§ **WHAT THIS TASK INVOLVES**:
Return every entry below word for word and leave out any picture.

(Scraped caption text data)
☆ ☆ ☆ ☆ ☆ ☆ ☆

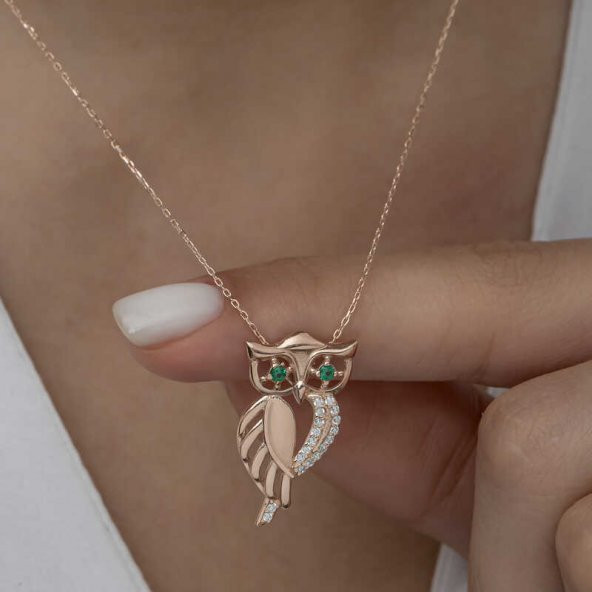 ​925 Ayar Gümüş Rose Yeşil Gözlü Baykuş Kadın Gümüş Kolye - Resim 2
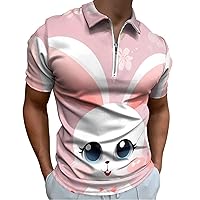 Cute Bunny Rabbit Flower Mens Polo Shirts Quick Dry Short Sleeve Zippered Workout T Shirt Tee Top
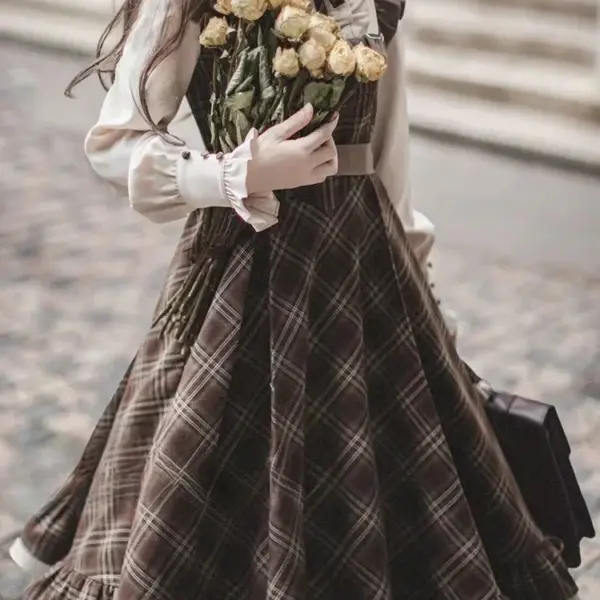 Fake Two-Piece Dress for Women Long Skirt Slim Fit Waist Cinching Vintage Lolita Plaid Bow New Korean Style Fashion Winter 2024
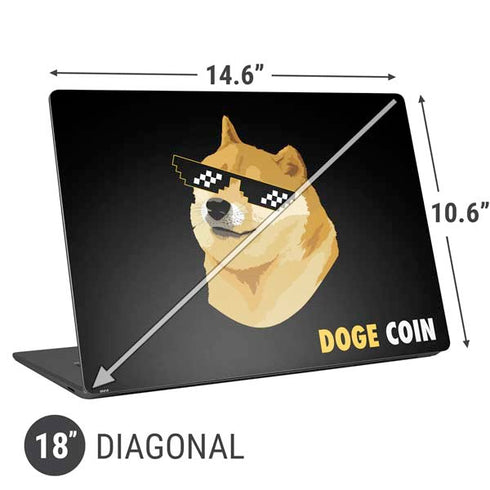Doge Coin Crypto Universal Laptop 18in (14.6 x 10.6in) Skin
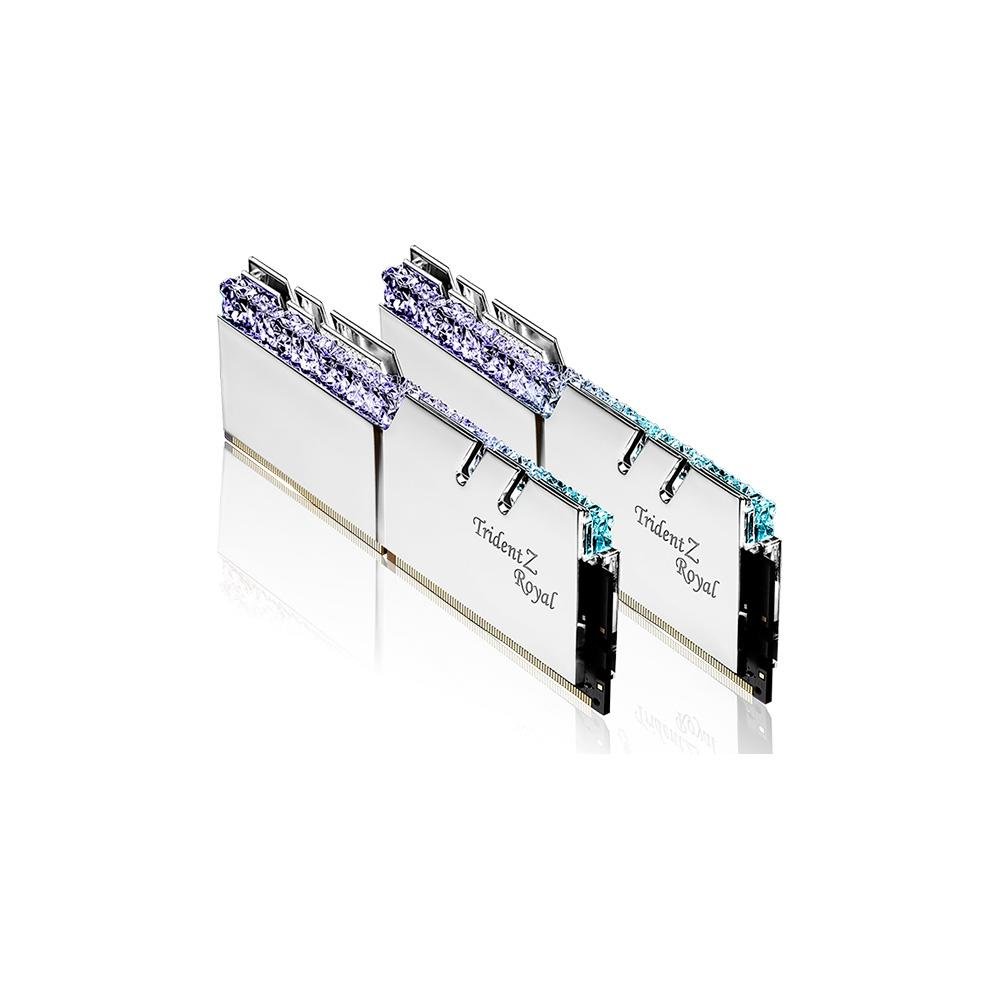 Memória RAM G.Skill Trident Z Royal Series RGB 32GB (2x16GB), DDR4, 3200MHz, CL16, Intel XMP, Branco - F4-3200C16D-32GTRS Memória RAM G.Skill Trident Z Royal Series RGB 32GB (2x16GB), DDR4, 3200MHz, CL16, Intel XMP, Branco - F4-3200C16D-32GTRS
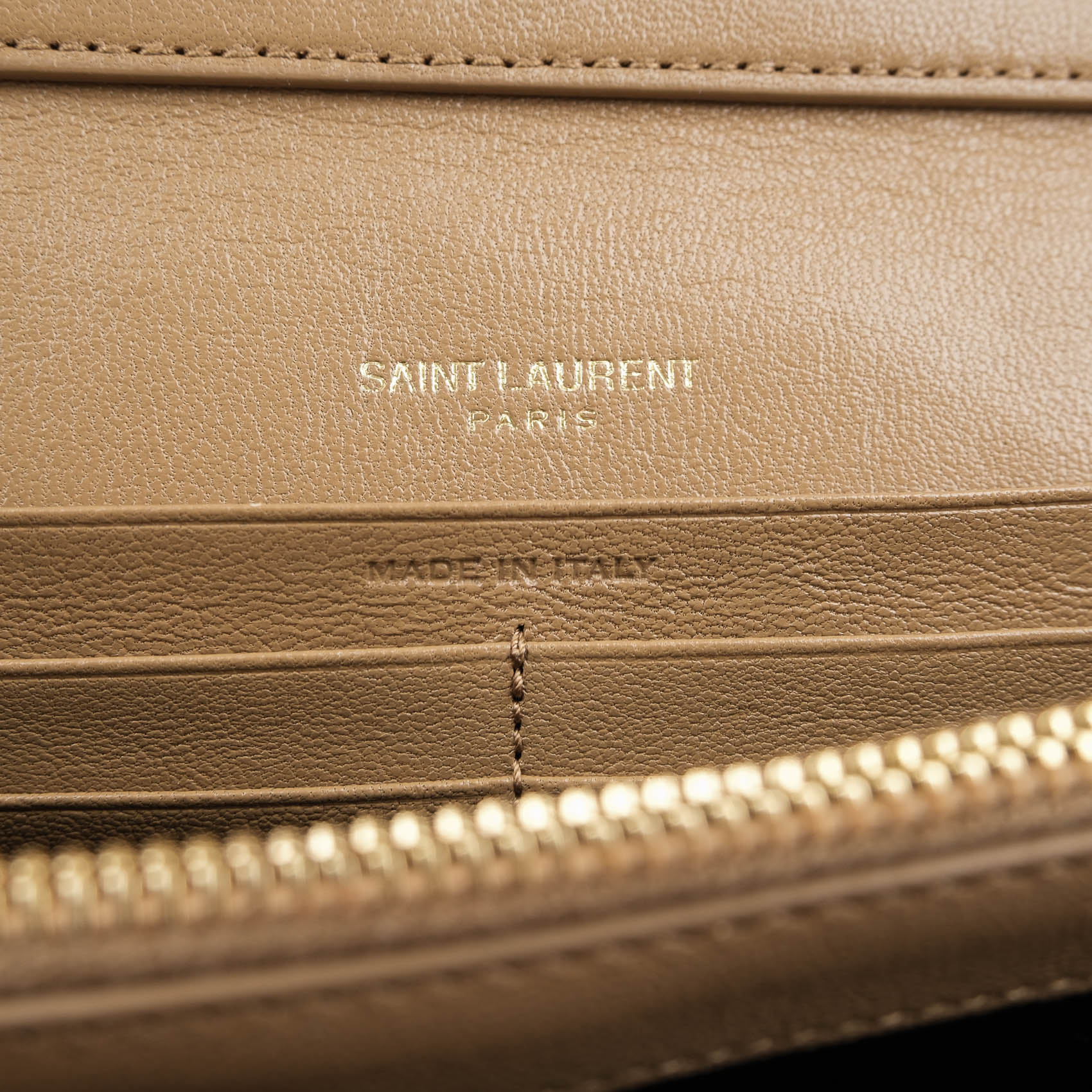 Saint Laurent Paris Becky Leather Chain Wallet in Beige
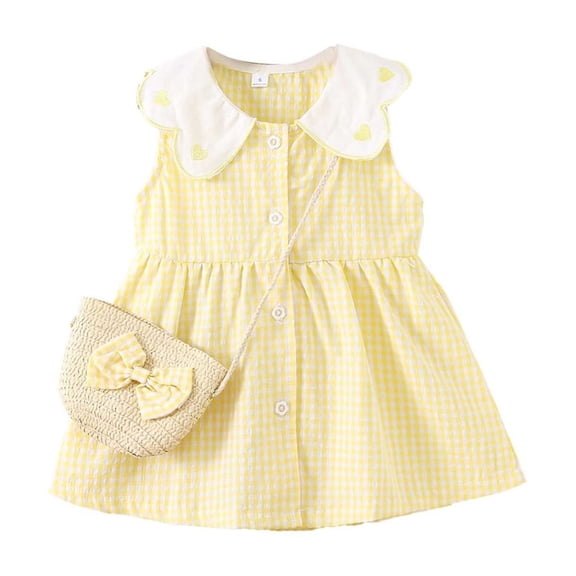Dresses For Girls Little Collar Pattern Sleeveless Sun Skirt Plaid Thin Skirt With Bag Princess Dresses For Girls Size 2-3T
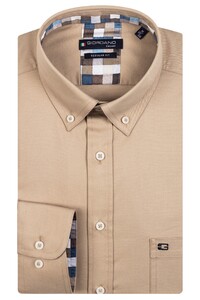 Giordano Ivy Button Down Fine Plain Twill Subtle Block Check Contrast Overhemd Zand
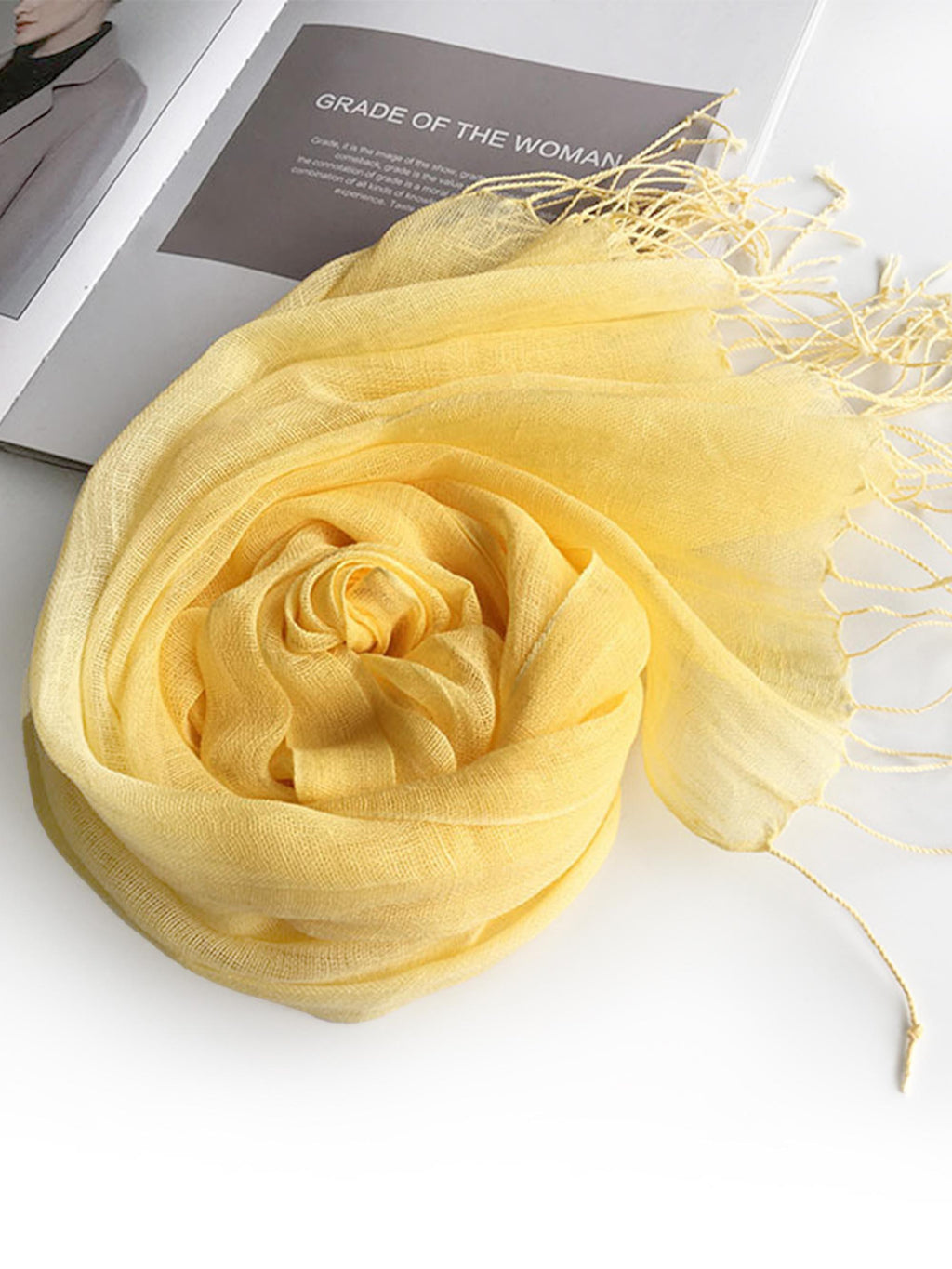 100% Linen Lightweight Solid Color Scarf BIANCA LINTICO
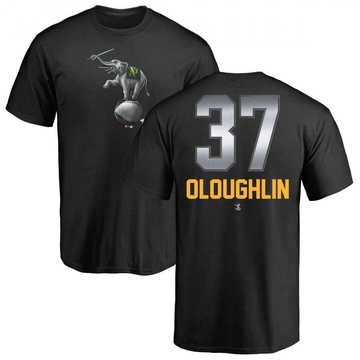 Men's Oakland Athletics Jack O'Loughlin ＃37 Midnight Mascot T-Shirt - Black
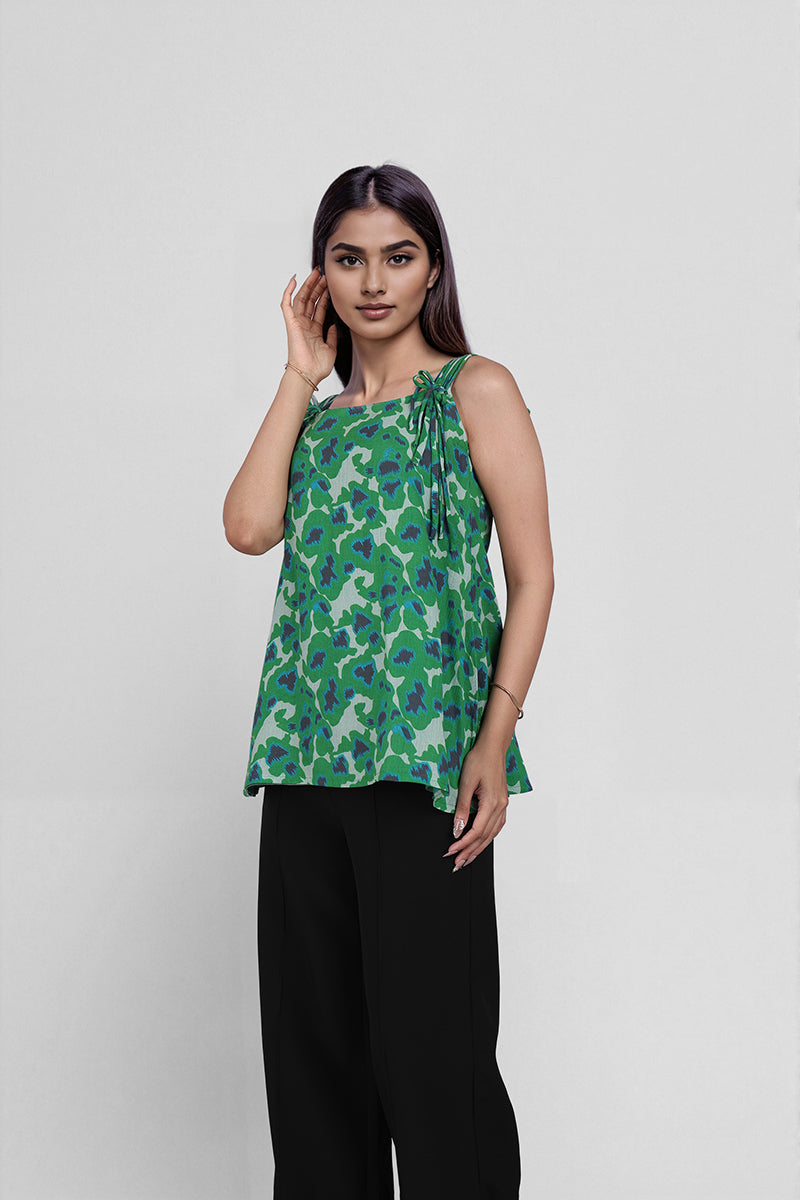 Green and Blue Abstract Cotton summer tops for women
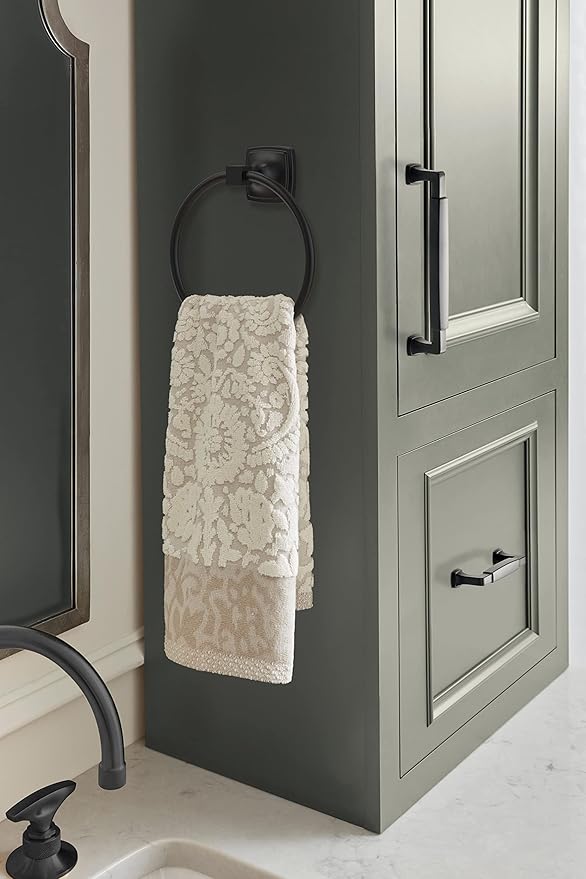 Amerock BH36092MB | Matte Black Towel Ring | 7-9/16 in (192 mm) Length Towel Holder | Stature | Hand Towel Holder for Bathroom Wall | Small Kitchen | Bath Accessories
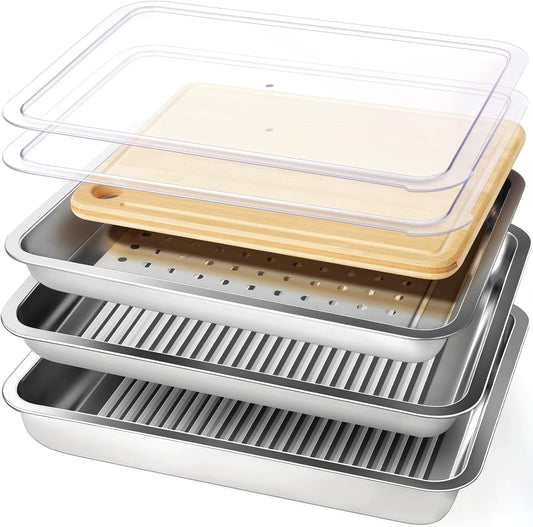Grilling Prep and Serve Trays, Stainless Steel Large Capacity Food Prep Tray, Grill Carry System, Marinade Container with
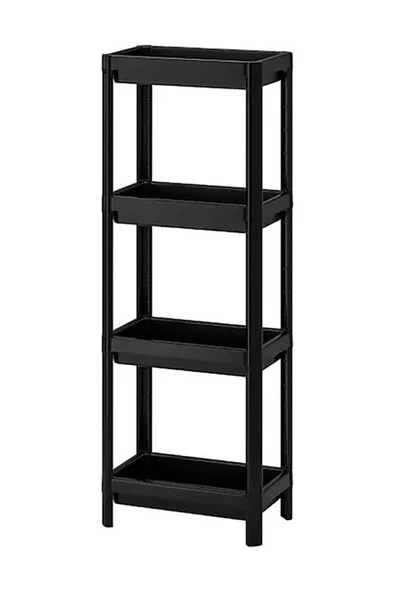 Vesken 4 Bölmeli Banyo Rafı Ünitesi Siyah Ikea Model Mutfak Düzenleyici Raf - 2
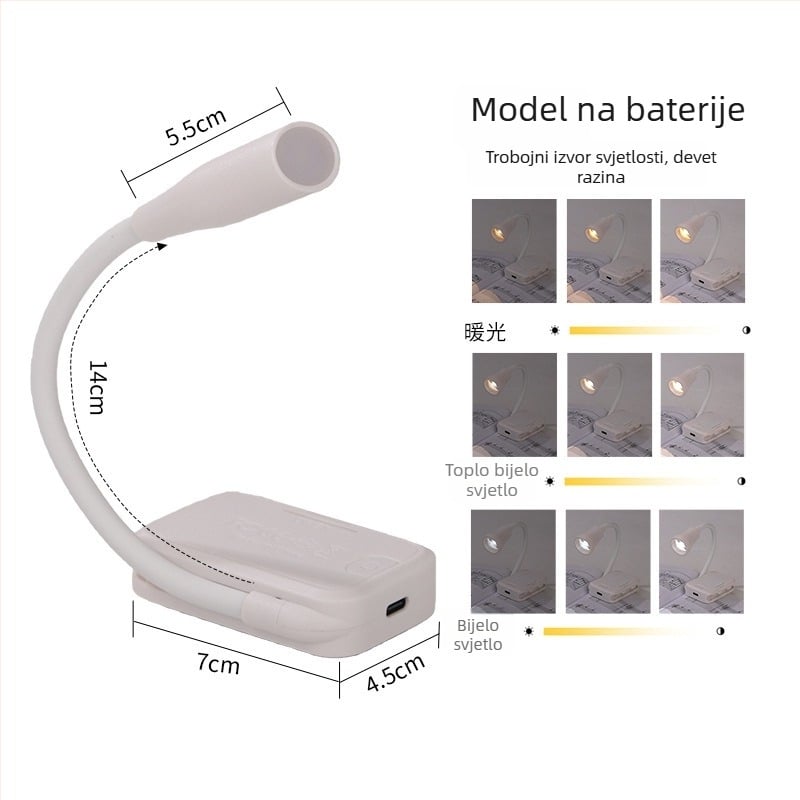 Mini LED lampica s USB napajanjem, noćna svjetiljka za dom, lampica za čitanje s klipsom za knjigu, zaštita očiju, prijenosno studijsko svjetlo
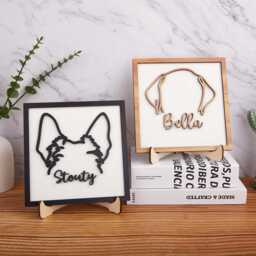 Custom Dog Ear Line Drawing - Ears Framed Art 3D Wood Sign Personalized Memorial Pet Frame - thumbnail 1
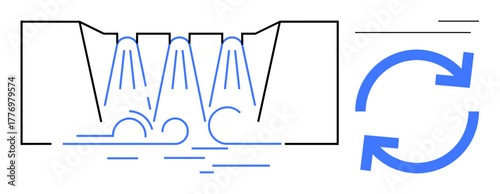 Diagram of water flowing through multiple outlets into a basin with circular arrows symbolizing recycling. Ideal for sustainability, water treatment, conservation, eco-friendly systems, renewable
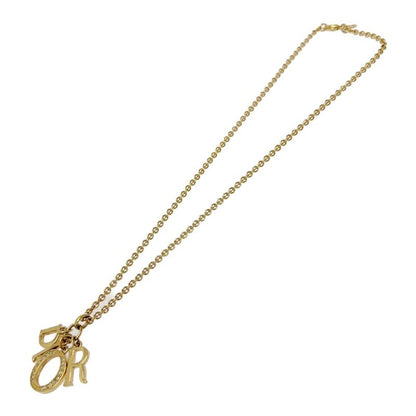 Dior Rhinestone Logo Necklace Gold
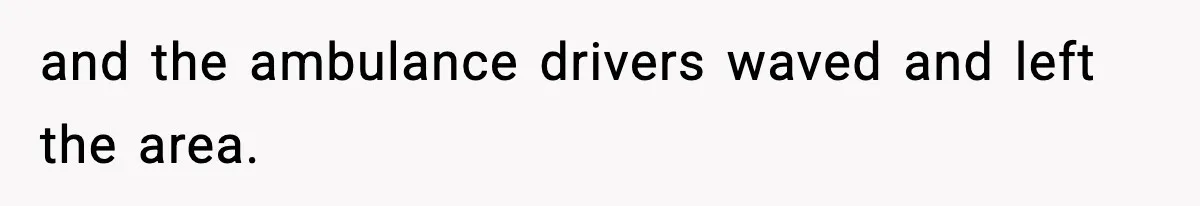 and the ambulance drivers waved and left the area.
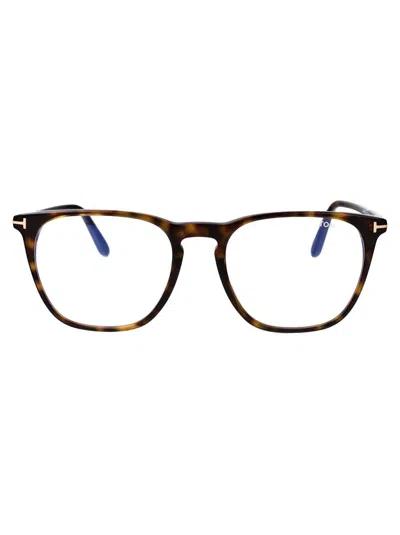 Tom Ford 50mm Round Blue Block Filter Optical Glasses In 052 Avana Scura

☆ ☆ ☆ ☆ ☆ ☆ ☆

§ **ANSWER TO THE PROBLEM**:
 ​925 Ayar Gümüş Rose Yeşil Gözlü Baykuş Kadın Gümüş Kolye - Resim 2
 Cute Bunny Rabbit Flower Mens Polo Shirts Quick Dry Short Sleeve Zippered Workout T Shirt Tee Top
 Fake Two-Piece Dress for Women Long Skirt Slim Fit Waist Cinching Vintage Lolita Plaid Bow New Korean Style Fashion Winter 2024
Doge Coin Crypto Universal Laptop 18in (14.6 x 10.6in) Skin
 Memória RAM G.Skill Trident Z Royal Series RGB 32GB (2x16GB), DDR4, 3200MHz, CL16, Intel XMP, Branco - F4-3200C16D-32GTRS Memória RAM G.Skill Trident Z Royal Series RGB 32GB (2x16GB), DDR4, 3200MHz, CL16, Intel XMP, Branco - F4-3200C16D-32GTRS
 Saint Laurent Paris Becky Leather Chain Wallet in Beige
Dresses For Girls Little Collar Pattern Sleeveless Sun Skirt Plaid Thin Skirt With Bag Princess Dresses For Girls Size 2-3T
 Giordano Ivy Button Down Fine Plain Twill Subtle Block Check Contrast Overhemd Zand
 100% Linen Lightweight Solid Color Scarf BIANCA LINTICO
 Men's Oakland Athletics Jack O'Loughlin ＃37 Midnight Mascot T-Shirt - Black
 Green and Blue Abstract Cotton summer tops for women
 Amerock BH36092MB | Matte Black Towel Ring | 7-9/16 in (192 mm) Length Towel Holder | Stature | Hand Towel Holder for Bathroom Wall | Small Kitchen | Bath Accessories
Grilling Prep and Serve Trays, Stainless Steel Large Capacity Food Prep Tray, Grill Carry System, Marinade Container with
 Vesken 4 Bölmeli Banyo Rafı Ünitesi Siyah Ikea Model Mutfak Düzenleyici Raf - 2
 Mini LED lampica s USB napajanjem, noćna svjetiljka za dom, lampica za čitanje s klipsom za knjigu, zaštita očiju, prijenosno studijsko svjetlo
 Custom Dog Ear Line Drawing - Ears Framed Art 3D Wood Sign Personalized Memorial Pet Frame - thumbnail 1
 Diagram of water flowing through multiple outlets into a basin with circular arrows symbolizing recycling. Ideal for sustainability, water treatment, conservation, eco-friendly systems, renewable
 Dior Rhinestone Logo Necklace Gold
 and the ambulance drivers waved and left the area.
 Tom Ford 50mm Round Blue Block Filter Optical Glasses In 052 Avana Scura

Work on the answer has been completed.